**Description of the task**
All that is needed is the line containing "Woolwich Goat Cheddar" and the lines after it to the end of the material, written out exactly, pictures left aside.

**Data segment**
**********
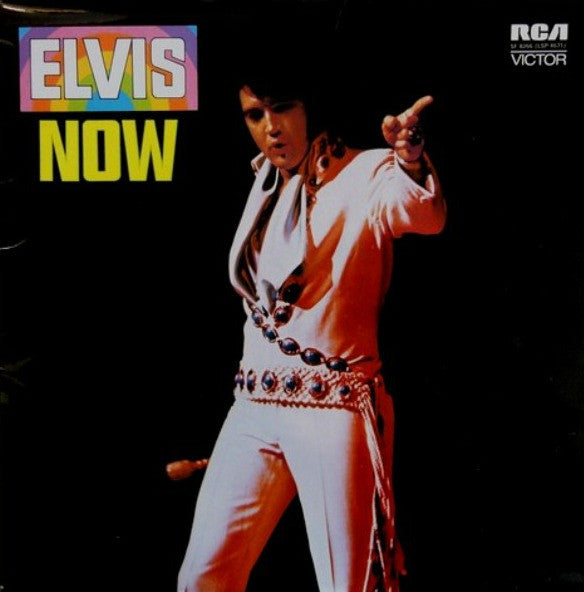 Elvis Now Cover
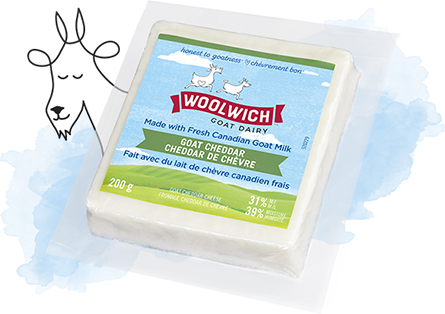 Woolwich Goat Cheddar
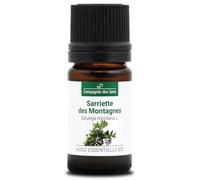 SARRIETTE DES MONTAGNES BIO - 5 mL - Huile Essentielle de Qualité Premium - 100% Pure, Naturelle, Garantie ChromaCert - Chémotypée et Intégrale - La Compagnie des Sens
**********
**Solution to the exercise**
 Woolwich Goat Cheddar
 SARRIETTE DES MONTAGNES BIO - 5 mL - Huile Essentielle de Qualité Premium - 100% Pure, Naturelle, Garantie ChromaCert - Chémotypée et Intégrale - La Compagnie des Sens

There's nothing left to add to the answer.